(Collected data entries)

————

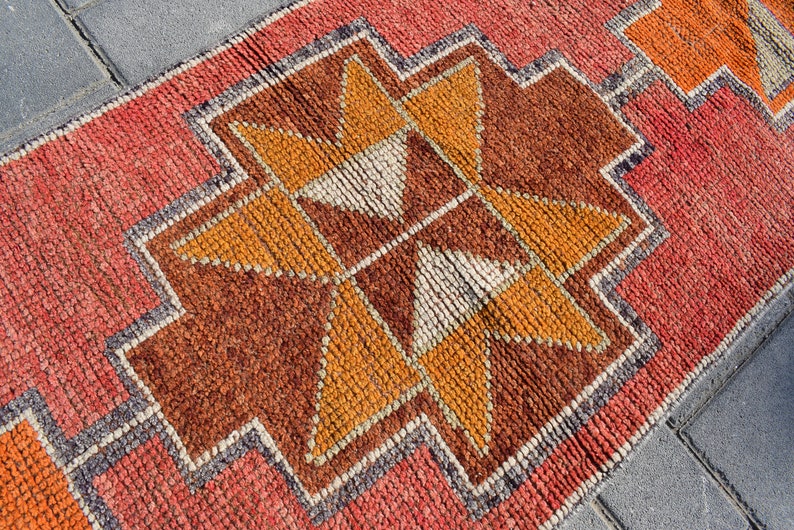 K&ouml;nnte beinhalten: Nahaufnahme eines roten, orangefarbenen und braunen Teppichs mit geometrischem Muster. Der Teppich hat einen Fransenrand und ist aus gewebten Fasern gefertigt.
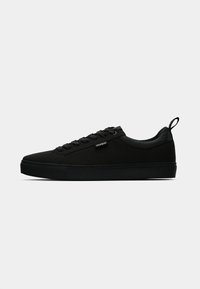 Sneaker nera in tela con punta rotonda, suola piatta e design con lacci. Presenta una linguetta posteriore e un logo discreto sul lato.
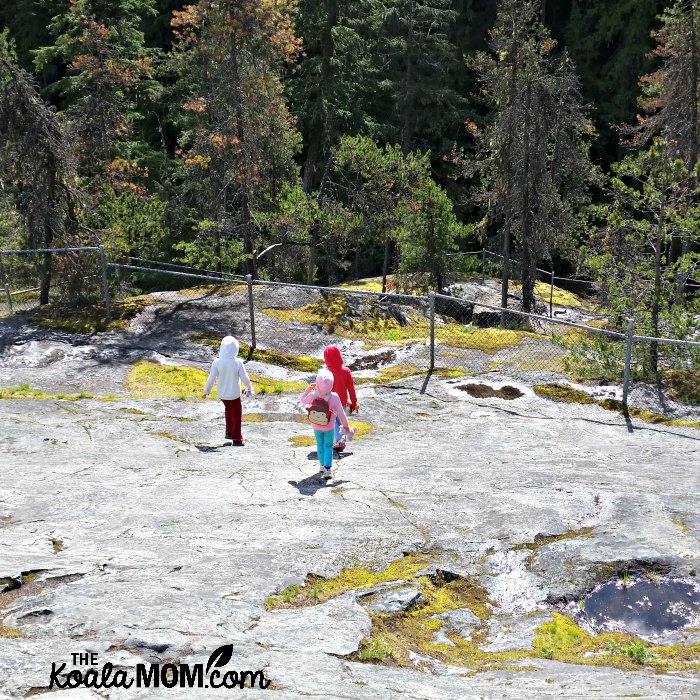 Three girls exploring the rocks near Nairn Falls.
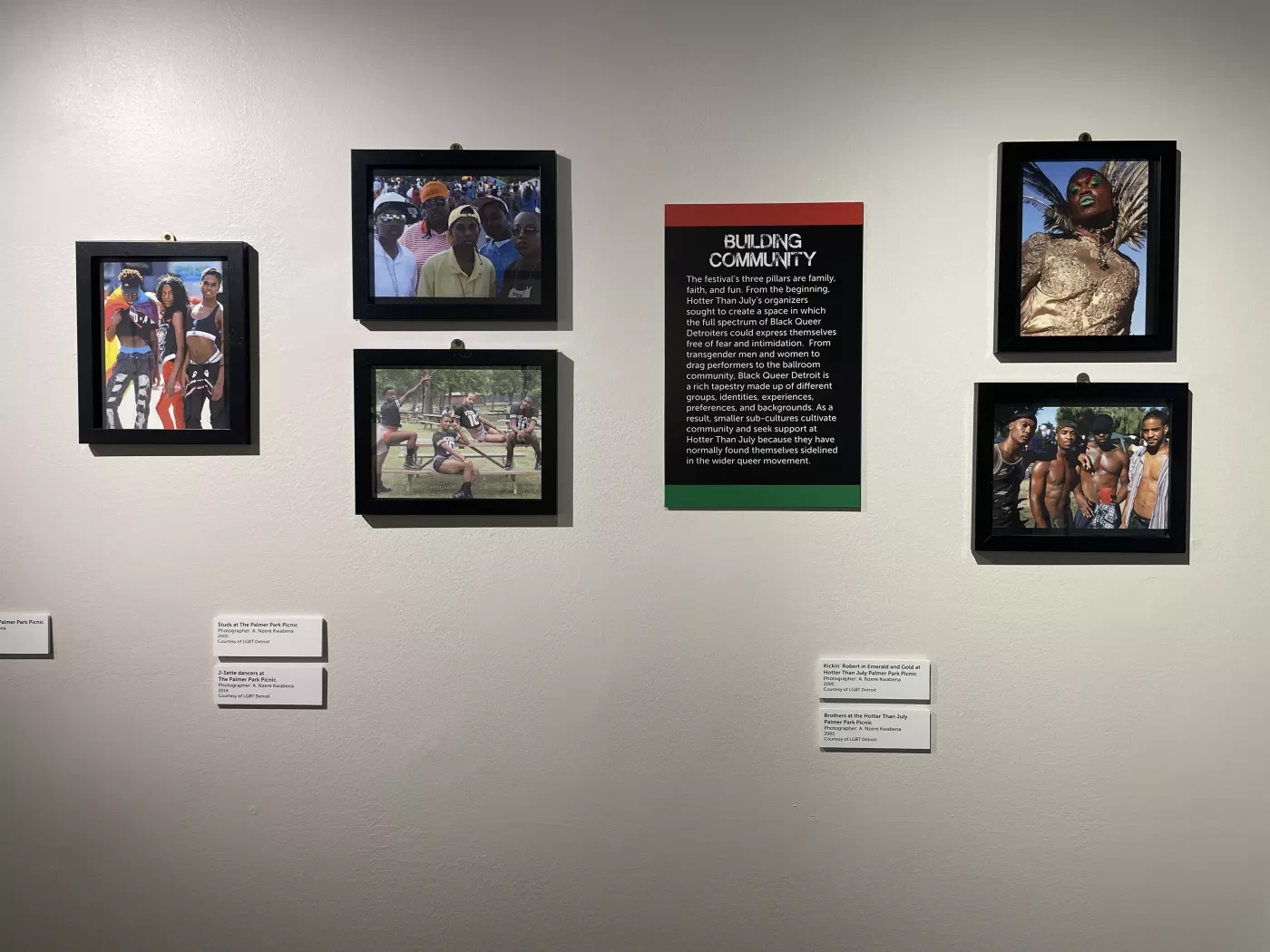 Framed photographs and text displayed on a gallery wall.
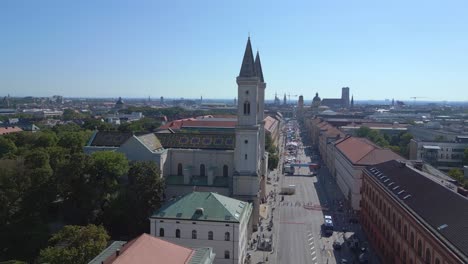 Magic-aerial-top-view-flight-Church-St-Ludwig-City-town-Munich-Germany-Bavarian,-summer-sunny-blue-sky-day-23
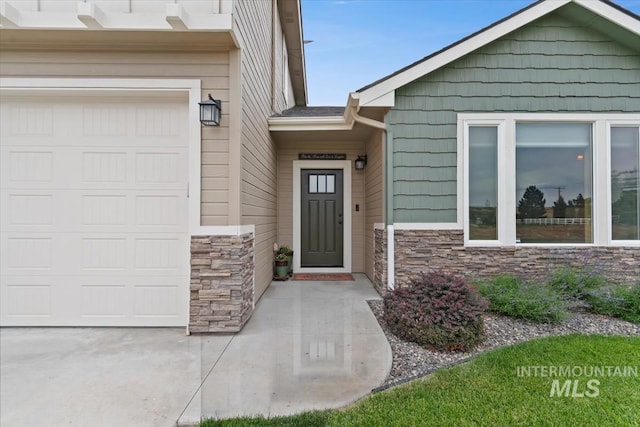 27482 Warren Ln, Wilder, ID 83676 - entrance to property with stone siding and a garage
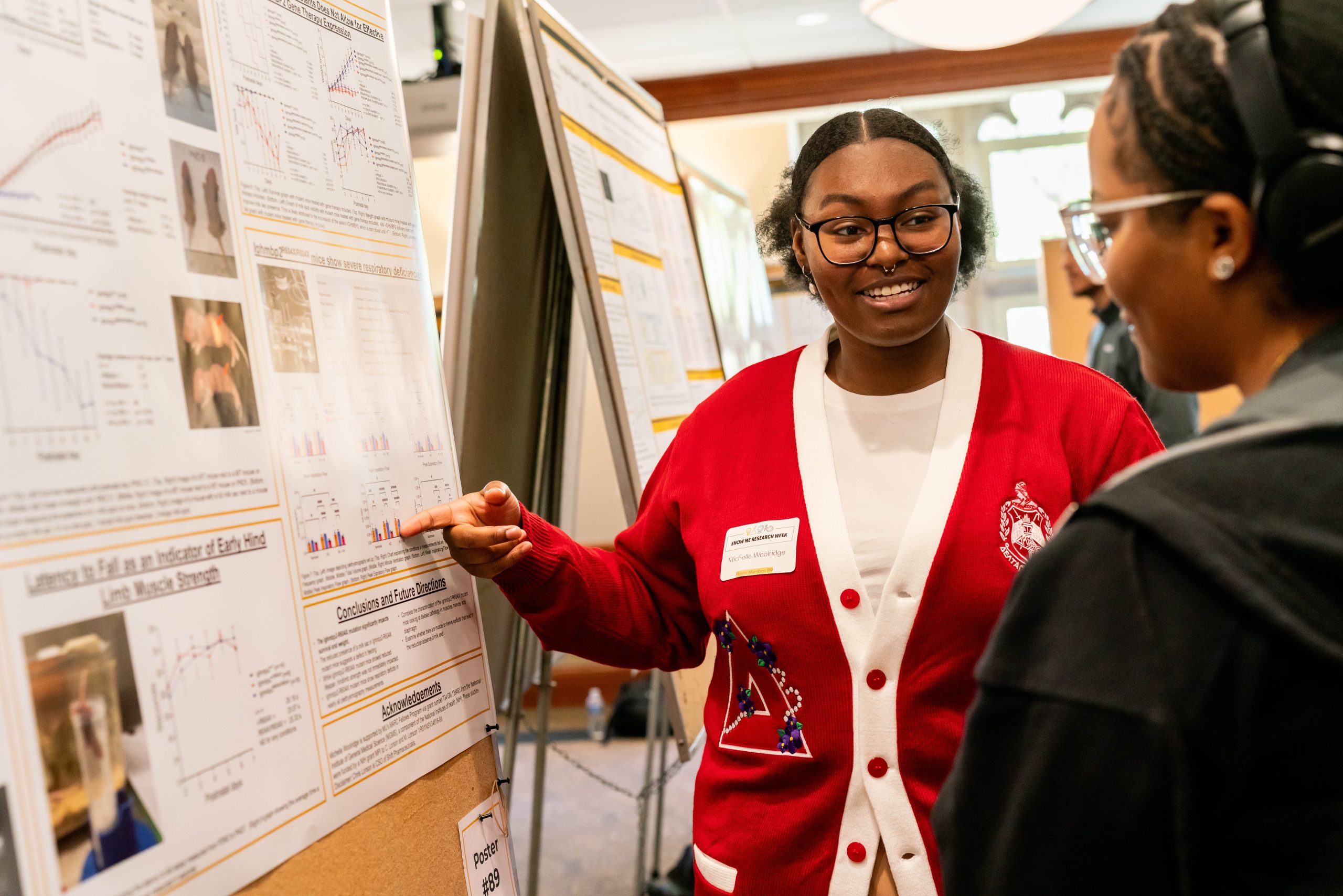 A student points to her research poster while describing her work to a second student.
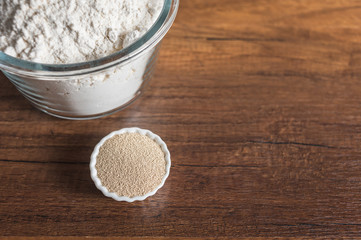 White flour in a glass bowl container and dry yeast in small ramekin on wood table surface.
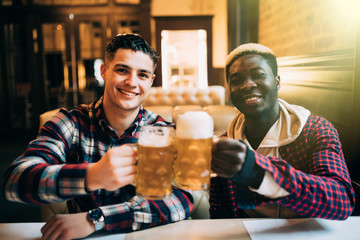 Two best friends or college mates having beer at pub. Afro American man talking to his Caucasian friend in bar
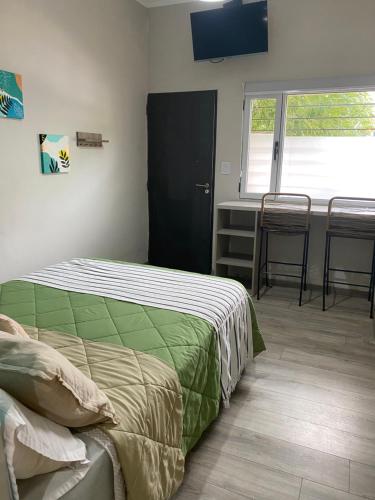 a bedroom with a bed and a desk and a window at Departamentos Pura Vida in General Roca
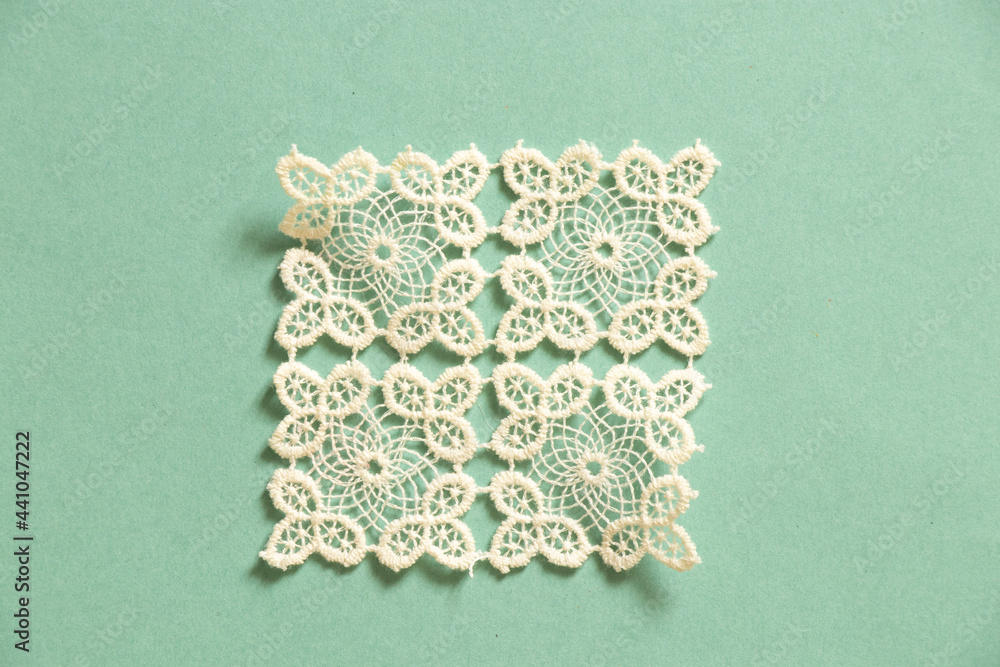 knitted white lace doily lies on a colored paper background - obrazy, fototapety, plakaty 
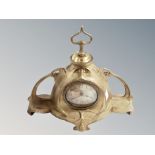 A brass Art Nouveau mantel clock, width 35 cm.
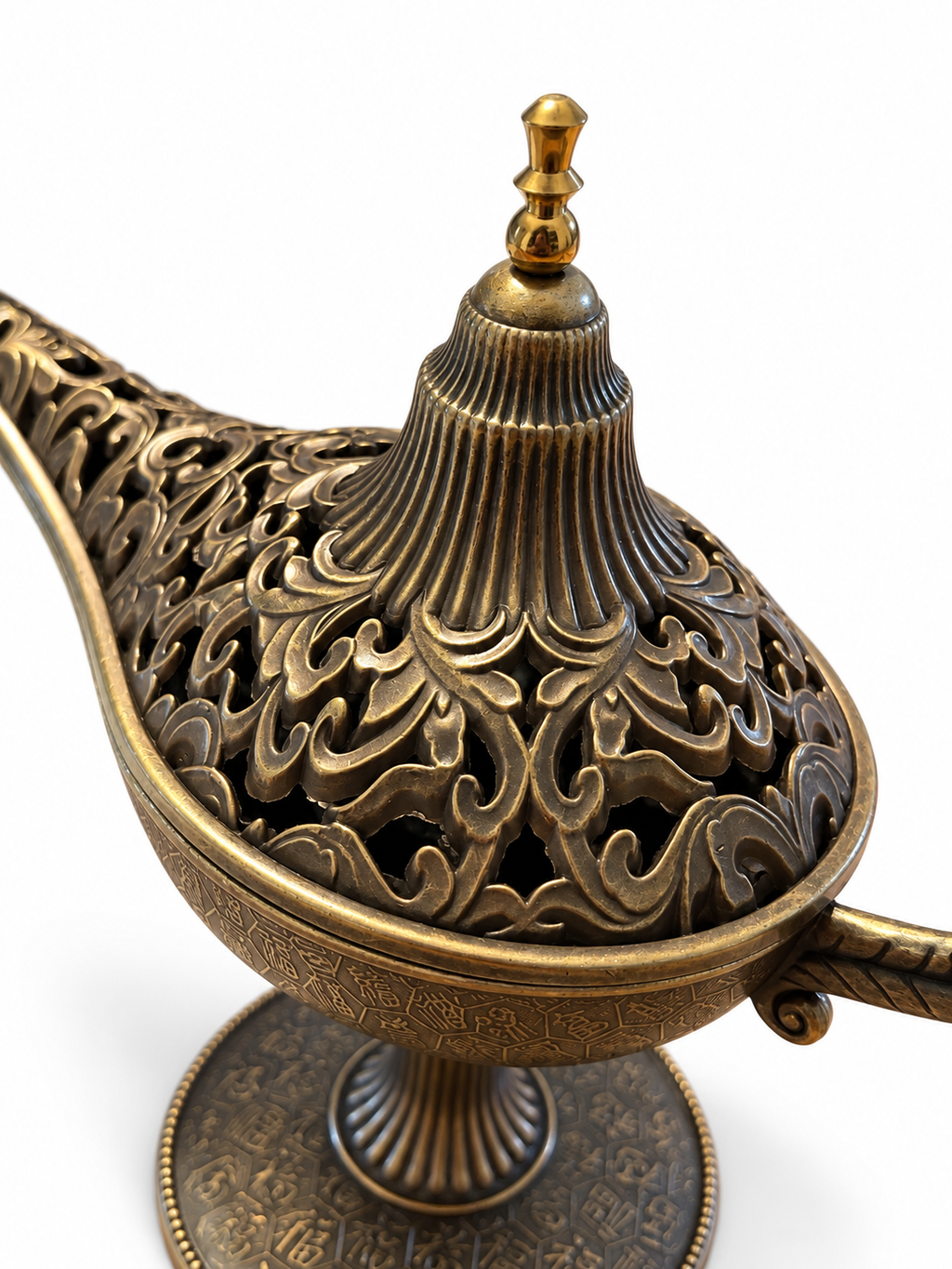 Primer plano de la tapa calada y ornamentada de una lámpara mágica decorativa con acabado envejecido en bronce.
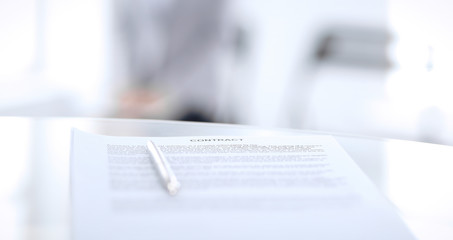 Contract with a pen and blurred business people on the background, close-up
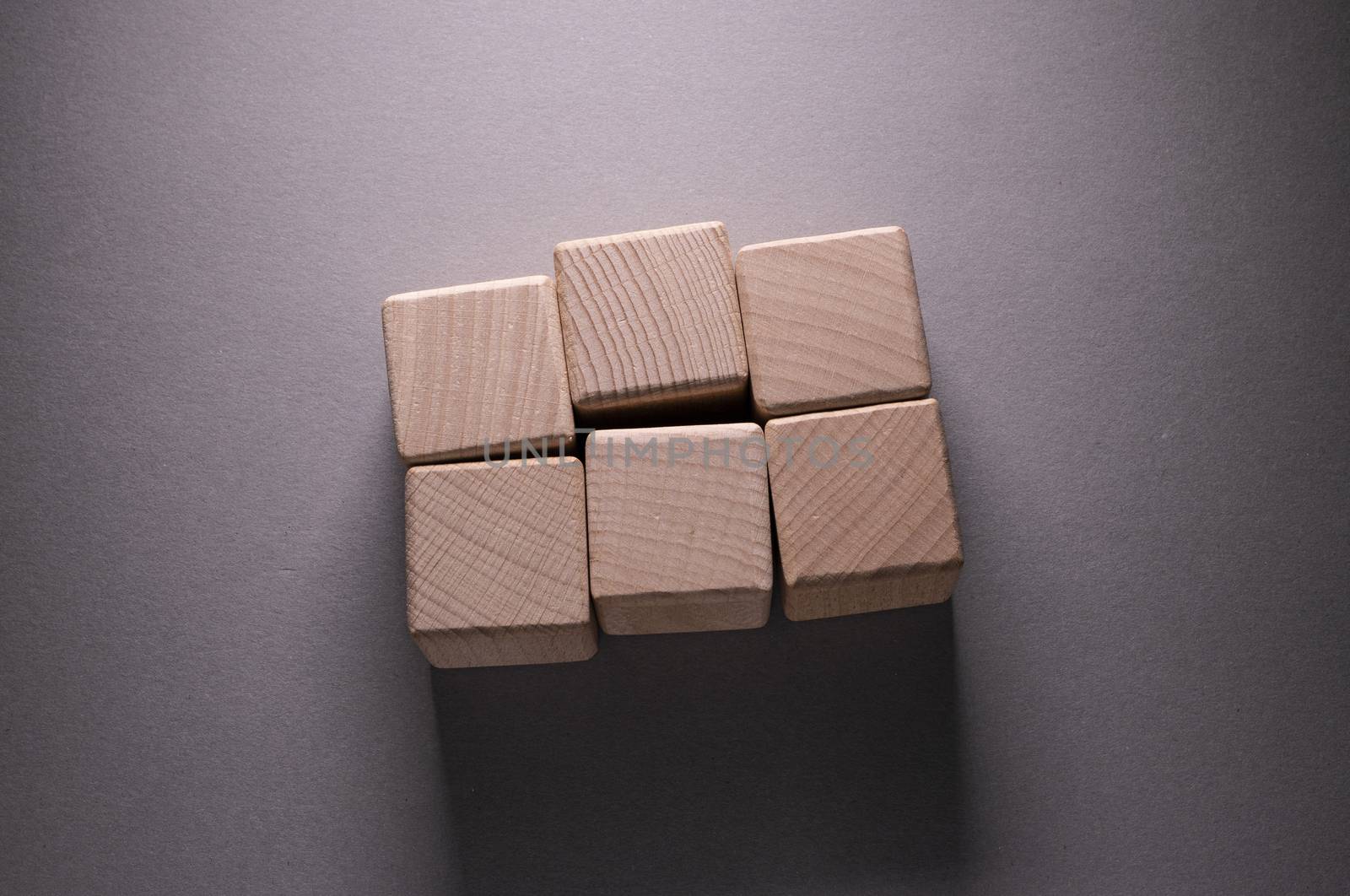 Wooden Geometric Shapes Cube on a paper background , This can use for past your words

————

**ACTIVITY:** Leave the pictures out. Extract exactly the lines running from the one with "Contract with a" through the last entry, both ends included.

**RESPONSE AREA:**
 Contract with a pen and blurred business people on the background, close-up
 Wooden Geometric Shapes Cube on a paper background , This can use for past your words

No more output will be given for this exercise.